Entries provided:
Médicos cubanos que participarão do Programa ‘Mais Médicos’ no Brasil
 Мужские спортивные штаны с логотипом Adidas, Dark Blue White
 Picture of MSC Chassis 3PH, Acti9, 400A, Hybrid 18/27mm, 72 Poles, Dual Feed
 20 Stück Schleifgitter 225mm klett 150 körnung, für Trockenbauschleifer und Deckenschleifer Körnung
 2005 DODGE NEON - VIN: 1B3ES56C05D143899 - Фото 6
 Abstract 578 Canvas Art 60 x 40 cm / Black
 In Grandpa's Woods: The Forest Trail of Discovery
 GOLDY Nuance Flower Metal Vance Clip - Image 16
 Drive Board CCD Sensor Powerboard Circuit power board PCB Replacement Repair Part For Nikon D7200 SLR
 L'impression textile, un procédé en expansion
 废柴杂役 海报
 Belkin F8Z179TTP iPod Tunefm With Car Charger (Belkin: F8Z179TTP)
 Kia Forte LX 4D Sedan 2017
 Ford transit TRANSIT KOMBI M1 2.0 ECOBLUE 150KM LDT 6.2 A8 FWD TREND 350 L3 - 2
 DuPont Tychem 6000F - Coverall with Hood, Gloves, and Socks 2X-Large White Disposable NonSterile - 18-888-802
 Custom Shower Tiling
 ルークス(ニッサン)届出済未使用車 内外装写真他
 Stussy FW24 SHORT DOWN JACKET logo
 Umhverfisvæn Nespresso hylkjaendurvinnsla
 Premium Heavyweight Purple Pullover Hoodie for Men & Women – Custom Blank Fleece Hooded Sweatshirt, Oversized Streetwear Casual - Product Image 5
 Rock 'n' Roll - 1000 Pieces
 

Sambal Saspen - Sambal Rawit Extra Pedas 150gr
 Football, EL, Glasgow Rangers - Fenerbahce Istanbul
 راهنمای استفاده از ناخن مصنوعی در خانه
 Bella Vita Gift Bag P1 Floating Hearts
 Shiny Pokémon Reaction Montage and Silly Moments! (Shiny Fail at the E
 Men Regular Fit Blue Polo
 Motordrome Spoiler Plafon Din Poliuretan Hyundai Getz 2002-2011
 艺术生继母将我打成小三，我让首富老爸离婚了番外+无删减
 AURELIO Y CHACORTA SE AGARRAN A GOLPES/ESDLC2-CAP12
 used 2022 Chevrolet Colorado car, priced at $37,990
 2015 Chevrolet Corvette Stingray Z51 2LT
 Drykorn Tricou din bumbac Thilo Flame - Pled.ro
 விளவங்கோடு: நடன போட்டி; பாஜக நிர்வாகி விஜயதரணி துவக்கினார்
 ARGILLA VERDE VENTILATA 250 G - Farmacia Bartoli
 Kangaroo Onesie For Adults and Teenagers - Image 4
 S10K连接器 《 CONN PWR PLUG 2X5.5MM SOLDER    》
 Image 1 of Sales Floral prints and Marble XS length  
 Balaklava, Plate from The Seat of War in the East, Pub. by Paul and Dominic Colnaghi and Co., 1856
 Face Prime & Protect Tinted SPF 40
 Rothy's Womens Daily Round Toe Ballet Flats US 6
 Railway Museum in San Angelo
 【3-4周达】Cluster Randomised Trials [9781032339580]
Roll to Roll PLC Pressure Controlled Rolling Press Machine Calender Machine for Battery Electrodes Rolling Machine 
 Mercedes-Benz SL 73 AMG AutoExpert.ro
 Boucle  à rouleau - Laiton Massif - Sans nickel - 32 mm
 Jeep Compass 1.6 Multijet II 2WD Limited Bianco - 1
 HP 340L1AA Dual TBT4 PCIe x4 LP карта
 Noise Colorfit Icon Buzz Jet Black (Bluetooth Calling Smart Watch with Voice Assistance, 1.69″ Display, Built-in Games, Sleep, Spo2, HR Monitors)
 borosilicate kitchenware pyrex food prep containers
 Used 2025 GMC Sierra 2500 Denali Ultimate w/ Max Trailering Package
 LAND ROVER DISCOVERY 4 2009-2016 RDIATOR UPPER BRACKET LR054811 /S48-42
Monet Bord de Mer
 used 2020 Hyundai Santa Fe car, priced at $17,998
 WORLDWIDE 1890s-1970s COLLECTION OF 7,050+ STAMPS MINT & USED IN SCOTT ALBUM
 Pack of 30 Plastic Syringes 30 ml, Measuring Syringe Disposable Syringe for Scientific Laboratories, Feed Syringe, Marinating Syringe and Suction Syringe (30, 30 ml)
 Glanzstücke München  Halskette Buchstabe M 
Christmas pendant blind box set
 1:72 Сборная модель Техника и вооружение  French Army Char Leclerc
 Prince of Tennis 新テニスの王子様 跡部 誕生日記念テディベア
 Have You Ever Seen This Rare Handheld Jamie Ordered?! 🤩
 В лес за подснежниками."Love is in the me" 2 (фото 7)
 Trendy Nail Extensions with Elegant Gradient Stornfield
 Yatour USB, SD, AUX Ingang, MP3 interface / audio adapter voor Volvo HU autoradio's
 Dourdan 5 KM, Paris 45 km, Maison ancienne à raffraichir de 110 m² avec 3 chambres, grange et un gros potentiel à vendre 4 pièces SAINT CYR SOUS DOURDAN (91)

Your task: An exact repetition of all the entries is required.

Answer for the task:
Médicos cubanos que participarão do Programa ‘Mais Médicos’ no Brasil
 Мужские спортивные штаны с логотипом Adidas, Dark Blue White
 Picture of MSC Chassis 3PH, Acti9, 400A, Hybrid 18/27mm, 72 Poles, Dual Feed
 20 Stück Schleifgitter 225mm klett 150 körnung, für Trockenbauschleifer und Deckenschleifer Körnung
 2005 DODGE NEON - VIN: 1B3ES56C05D143899 - Фото 6
 Abstract 578 Canvas Art 60 x 40 cm / Black
 In Grandpa's Woods: The Forest Trail of Discovery
 GOLDY Nuance Flower Metal Vance Clip - Image 16
 Drive Board CCD Sensor Powerboard Circuit power board PCB Replacement Repair Part For Nikon D7200 SLR
 L'impression textile, un procédé en expansion
 废柴杂役 海报
 Belkin F8Z179TTP iPod Tunefm With Car Charger (Belkin: F8Z179TTP)
 Kia Forte LX 4D Sedan 2017
 Ford transit TRANSIT KOMBI M1 2.0 ECOBLUE 150KM LDT 6.2 A8 FWD TREND 350 L3 - 2
 DuPont Tychem 6000F - Coverall with Hood, Gloves, and Socks 2X-Large White Disposable NonSterile - 18-888-802
 Custom Shower Tiling
 ルークス(ニッサン)届出済未使用車 内外装写真他
 Stussy FW24 SHORT DOWN JACKET logo
 Umhverfisvæn Nespresso hylkjaendurvinnsla
 Premium Heavyweight Purple Pullover Hoodie for Men & Women – Custom Blank Fleece Hooded Sweatshirt, Oversized Streetwear Casual - Product Image 5
 Rock 'n' Roll - 1000 Pieces
 

Sambal Saspen - Sambal Rawit Extra Pedas 150gr
 Football, EL, Glasgow Rangers - Fenerbahce Istanbul
 راهنمای استفاده از ناخن مصنوعی در خانه
 Bella Vita Gift Bag P1 Floating Hearts
 Shiny Pokémon Reaction Montage and Silly Moments! (Shiny Fail at the E
 Men Regular Fit Blue Polo
 Motordrome Spoiler Plafon Din Poliuretan Hyundai Getz 2002-2011
 艺术生继母将我打成小三，我让首富老爸离婚了番外+无删减
 AURELIO Y CHACORTA SE AGARRAN A GOLPES/ESDLC2-CAP12
 used 2022 Chevrolet Colorado car, priced at $37,990
 2015 Chevrolet Corvette Stingray Z51 2LT
 Drykorn Tricou din bumbac Thilo Flame - Pled.ro
 விளவங்கோடு: நடன போட்டி; பாஜக நிர்வாகி விஜயதரணி துவக்கினார்
 ARGILLA VERDE VENTILATA 250 G - Farmacia Bartoli
 Kangaroo Onesie For Adults and Teenagers - Image 4
 S10K连接器 《 CONN PWR PLUG 2X5.5MM SOLDER    》
 Image 1 of Sales Floral prints and Marble XS length  
 Balaklava, Plate from The Seat of War in the East, Pub. by Paul and Dominic Colnaghi and Co., 1856
 Face Prime & Protect Tinted SPF 40
 Rothy's Womens Daily Round Toe Ballet Flats US 6
 Railway Museum in San Angelo
 【3-4周达】Cluster Randomised Trials [9781032339580]
Roll to Roll PLC Pressure Controlled Rolling Press Machine Calender Machine for Battery Electrodes Rolling Machine 
 Mercedes-Benz SL 73 AMG AutoExpert.ro
 Boucle  à rouleau - Laiton Massif - Sans nickel - 32 mm
 Jeep Compass 1.6 Multijet II 2WD Limited Bianco - 1
 HP 340L1AA Dual TBT4 PCIe x4 LP карта
 Noise Colorfit Icon Buzz Jet Black (Bluetooth Calling Smart Watch with Voice Assistance, 1.69″ Display, Built-in Games, Sleep, Spo2, HR Monitors)
 borosilicate kitchenware pyrex food prep containers
 Used 2025 GMC Sierra 2500 Denali Ultimate w/ Max Trailering Package
 LAND ROVER DISCOVERY 4 2009-2016 RDIATOR UPPER BRACKET LR054811 /S48-42
Monet Bord de Mer
 used 2020 Hyundai Santa Fe car, priced at $17,998
 WORLDWIDE 1890s-1970s COLLECTION OF 7,050+ STAMPS MINT & USED IN SCOTT ALBUM
 Pack of 30 Plastic Syringes 30 ml, Measuring Syringe Disposable Syringe for Scientific Laboratories, Feed Syringe, Marinating Syringe and Suction Syringe (30, 30 ml)
 Glanzstücke München  Halskette Buchstabe M 
Christmas pendant blind box set
 1:72 Сборная модель Техника и вооружение  French Army Char Leclerc
 Prince of Tennis 新テニスの王子様 跡部 誕生日記念テディベア
 Have You Ever Seen This Rare Handheld Jamie Ordered?! 🤩
 В лес за подснежниками."Love is in the me" 2 (фото 7)
 Trendy Nail Extensions with Elegant Gradient Stornfield
 Yatour USB, SD, AUX Ingang, MP3 interface / audio adapter voor Volvo HU autoradio's
 Dourdan 5 KM, Paris 45 km, Maison ancienne à raffraichir de 110 m² avec 3 chambres, grange et un gros potentiel à vendre 4 pièces SAINT CYR SOUS DOURDAN (91)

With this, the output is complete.